> **WORK REQUIRED**:
Reproduce exactly the lines from the one containing "PROCEEDINGS OF CONFERENCE" through the end of the entries, including both. Drop the pictures.

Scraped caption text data
------------------------------
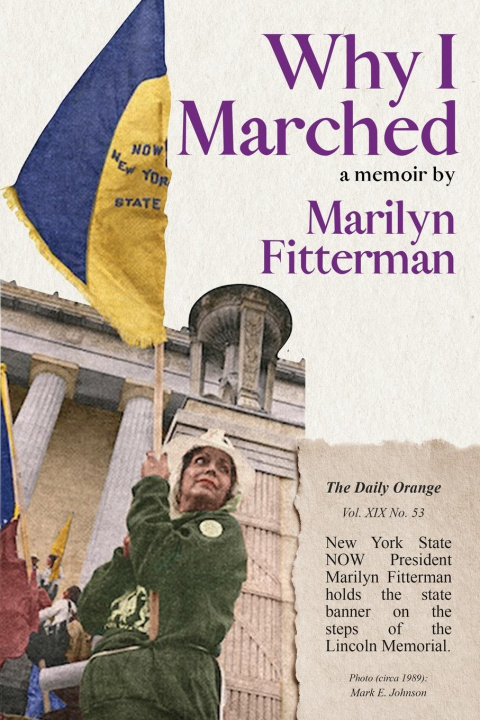 Buch Why I Marched Fitterman Marilyn Fitterman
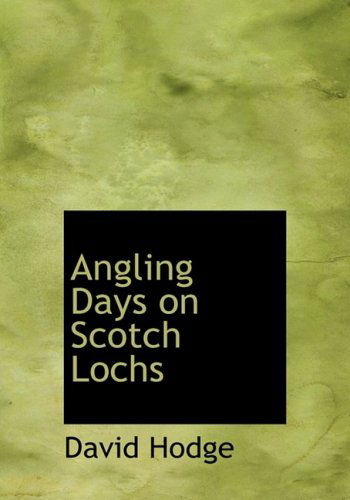 Cover for David Hodge · Angling Days on Scotch Lochs (Hardcover Book) [Large Print, Lrg edition] (2008)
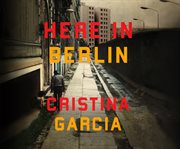 Here in Berlin cover image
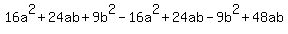 ++16a%5E2%2B24ab%2B9b%5E2-16a%5E2%2B24ab-9b%5E2%2B48ab++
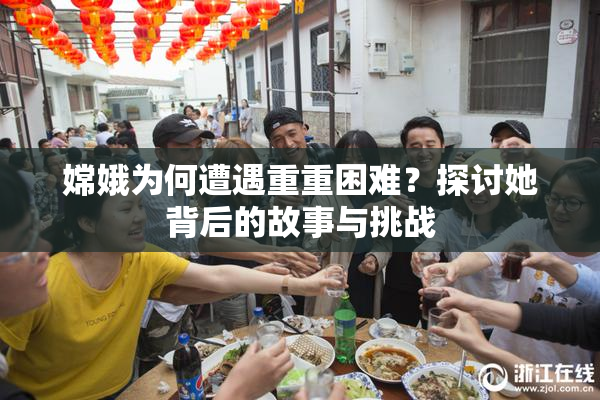 嫦娥为何遭遇重重困难？探讨她背后的故事与挑战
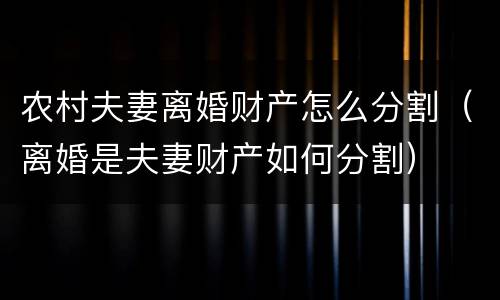 农村夫妻离婚财产怎么分割（离婚是夫妻财产如何分割）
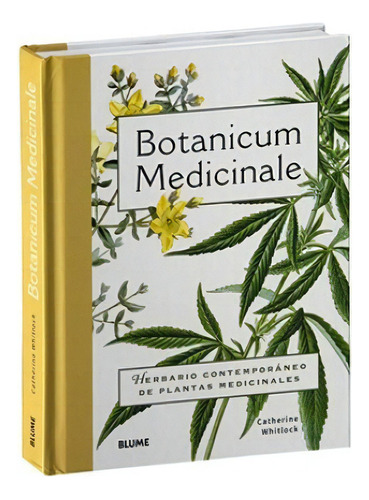 Botanicum Medicinale: Herbario Contemporáneo De Plantas Medicinales, De Catherine Whitiock. Editorial Blume, Tapa Dura, Edición Primera En Español, 2023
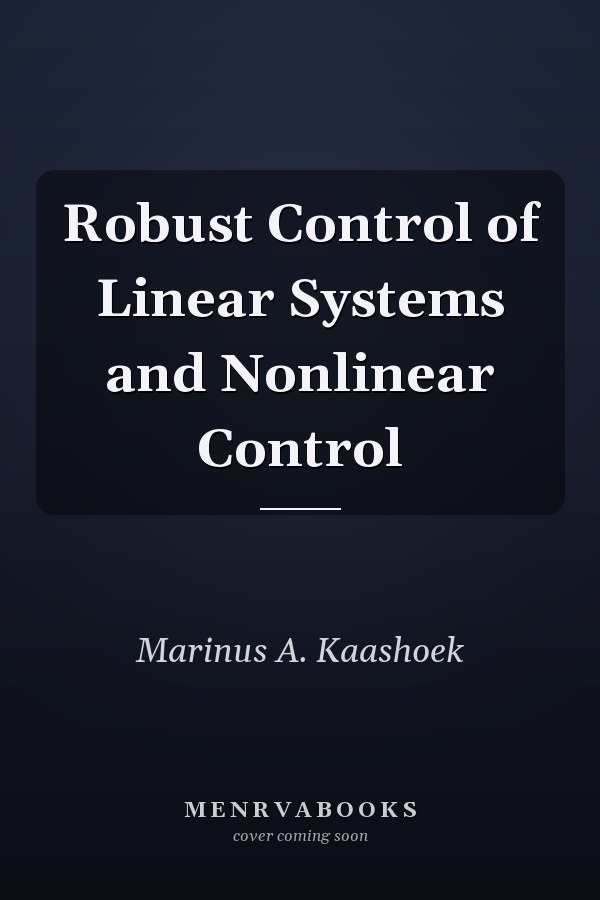 Robust Control of Linear Systems and Nonlinear Control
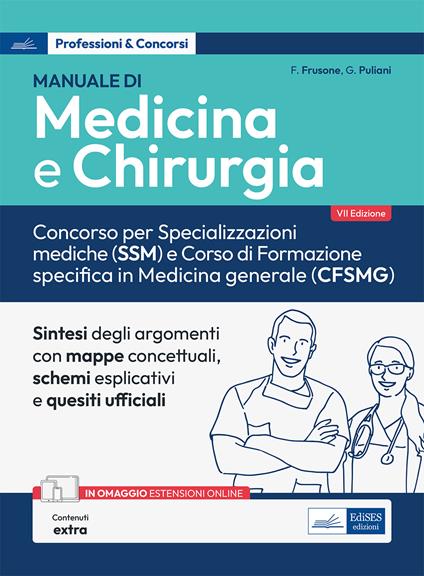 Manuale di Medicina e Chirurgia. Concorso per Specializzazioni mediche (SSM) e Corso di formazione specifica in Medicina generale (CFSMG). Con espansione online - Federico Frusone,Giulia Puliani - ebook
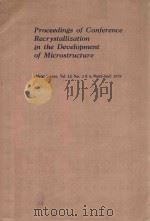 PROCEEDINGS OF CONFERENCE RECRYSTALLIZATION IN THE DEVELOPMENT OF MICROSTRUCTURE（ PDF版）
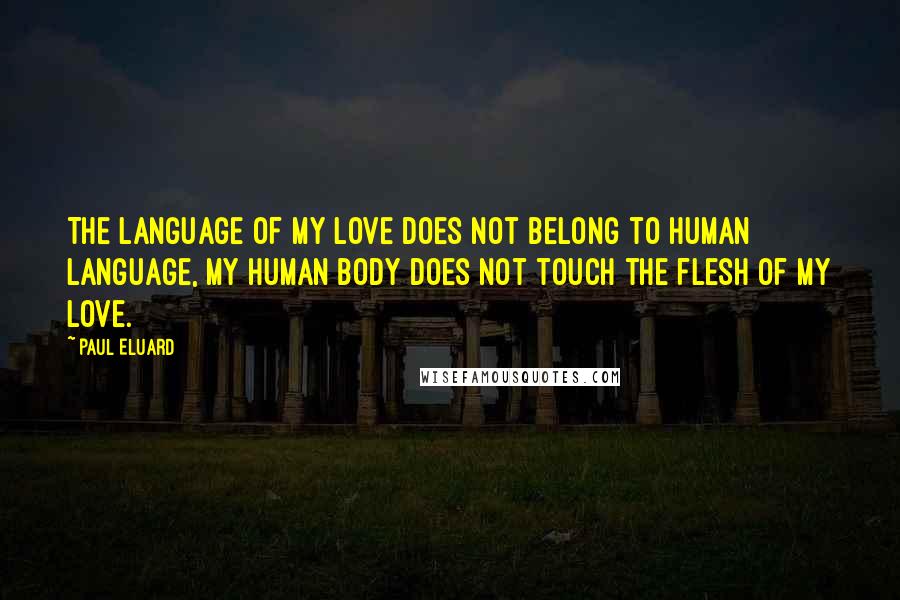 Paul Eluard Quotes: The language of my love does not belong to human language, my human body does not touch the flesh of my love.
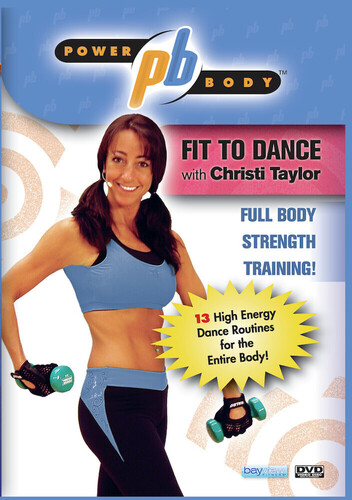 Powerbody: Fit to Dance with Christi Taylor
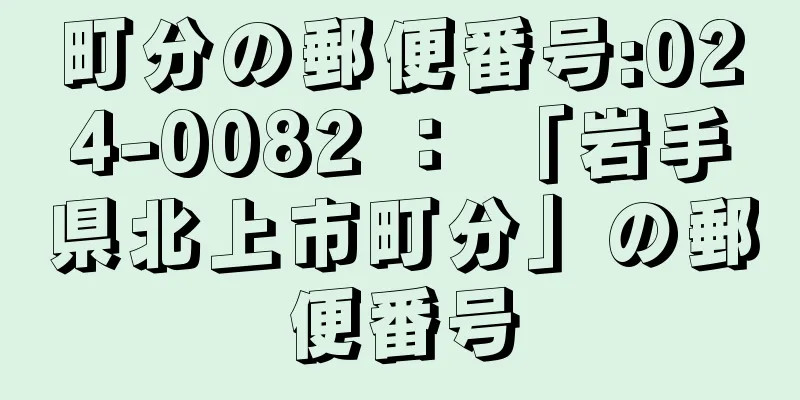 町分の郵便番号:024-0082 ： 「岩手県北上市町分」の郵便番号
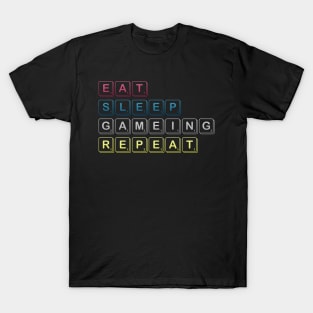 Eat Sleep Gaming Repeat Funny Meme Tee T-Shirt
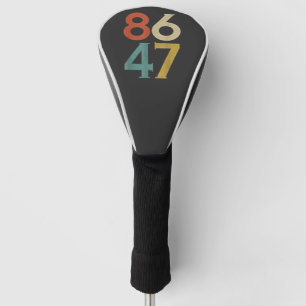 86 47 Dump Trump Cool Retro Anti-Trump Golf Head Cover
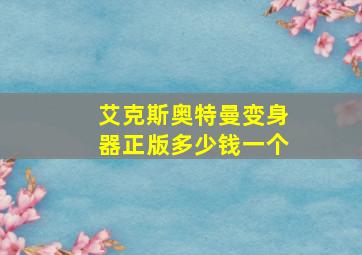 艾克斯奥特曼变身器正版多少钱一个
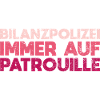 Bilanzpolizei, Immer Auf Patrouille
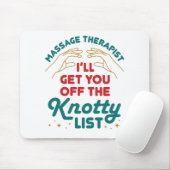 Massage Therapist, ik haal je van de knotty List Muismat (Met muis)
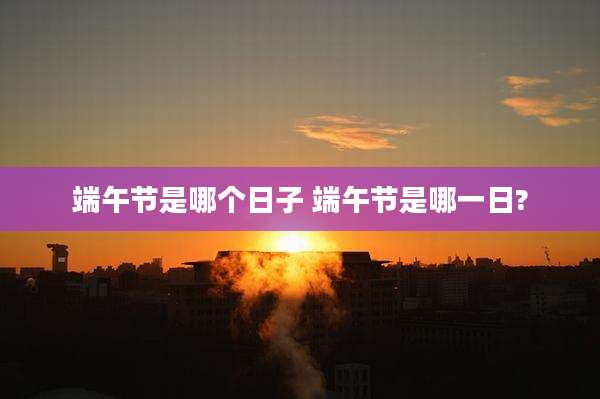 端午节是哪个日子 端午节是哪一日?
------------------------------
> **EXERCISE ANSWER**:
 PROCEEDINGS OF CONFERENCE RECRYSTALLIZATION IN THE DEVELOPMENT OF MICROSTRUCTURE（ PDF版）
 Paul Eluard Quotes: The language of my love does not belong to human language, my human body does not touch the flesh of my love.
 Powerbody: Fit to Dance with Christi Taylor
 町分の郵便番号:024-0082 ： 「岩手県北上市町分」の郵便番号
 Eat Sleep Gaming Repeat Funny Meme Tee T-Shirt
 86 47 Dump Trump Cool Retro Anti-Trump Golf Head Cover
 艾克斯奥特曼变身器正版多少钱一个
 Bilanzpolizei, Immer Auf Patrouille
 Massage Therapist, ik haal je van de knotty List Muismat (Met muis)
 端午节是哪个日子 端午节是哪一日?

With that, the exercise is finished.